Well, what did you expect?
her mother-in-law said from the other side of the door.
You said let you sleep, so we let you sleep
.
“Where is the baby?” she called out, but no one answered. The light in the room was dissolving, and she fell back through the depths to where there might be a hatch, a portal that would open onto a different life or carry her backwards through time to the Turning Point so that she could turn and turn away.
She had been eighteen when she wished for Dean Turner. That afternoon, in the cafeteria at Eaton’s, with a storm of tears about to overtake her, she had closed her eyes and prayed, “Please give me a sign.”
She meant a sign that she would not cry today, would not take after her father, was destined for love and happiness and dreams that came true and did not run out abruptly like the end of a movie reel flapping noisily on the projector. “Let something happen,” she pleaded silently.
She opened her eyes: her mother was gone, and Dean was sitting in her place.
Somewhere inside her, the course of time shifted. A turning point.
Light came off him when he talked. Sparks, she wasn’t sure from where: his dark eyes, maybe, or his teeth, which were very white. When he smiled, a dimple formed on one side of his mouth, like he was about to tell her something he shouldn’t. He talked like people in movies, the words spooling out so fast that, in the beginning, she was always a half-sentence behind. He raised his hand and a waitress appeared with a plate of french fries. He leaned back and draped his arms over the back of the booth. He had broad shoulders and long fingers.
Who
are
you?
she thought, and just at that moment, he stuck his hand across the table and introduced himself. “Dean Turner,” he said. He was from the City of Northerly Bore, also known as Sault Ste. Marie. He was staying at the Royal York Hotel. He was adopted.

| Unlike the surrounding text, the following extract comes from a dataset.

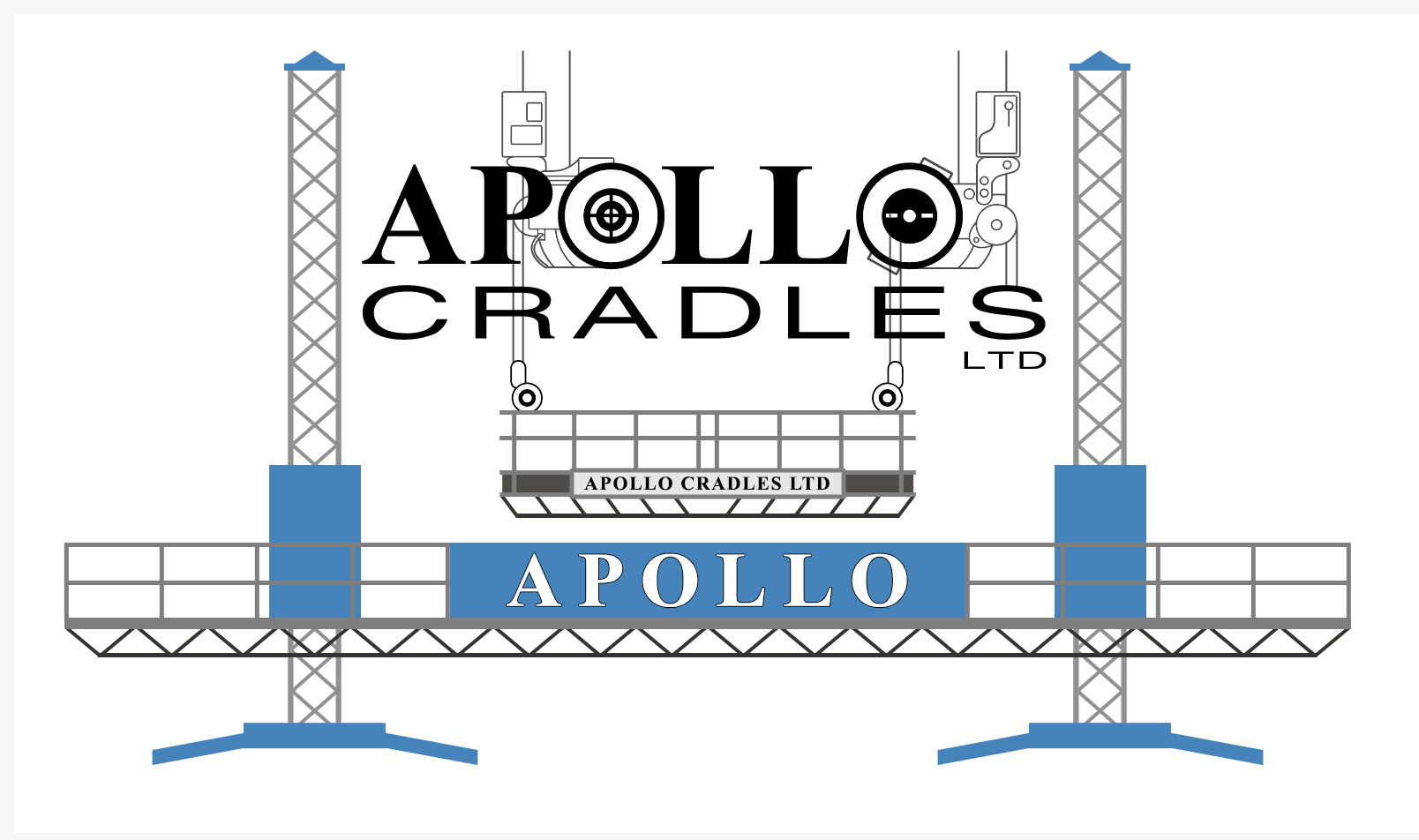 Apollo Cradles Ltd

She couldn’t even imagine telling it: how he appeared out of nowhere, an adopted boy who travelled on his own and shed sparks when he talked. He had come to Toronto to find his mother, he said, and now, after all his travels and travails, he didn’t want to meet her, as crazy, as batty, as loop-de-loop loopy as that sounded.
“Nuts-and-bolts screwy,” Laura agreed, and his eyes glinted.
“Whacky-shack whacky.”
Except she knew what he meant. She always yearned to see her father, right up until they got to the visitors’ room and the door opened, when her yearning suddenly spiked and transformed into its opposite, because the person who came through was not her father. He looked like her father, but he was clearly a stand-in. He was gaunt, and his lips were badly chapped, and even though she held her breath as he leaned in to kiss her cheek, she could smell sour sweat and metal and something unspeakable. Her real father had gone somewhere, and even the stand-in was waiting for him to come back: he kept asking them the time and looking back at the door that led to the ward. Sometimes it was just easier to miss someone.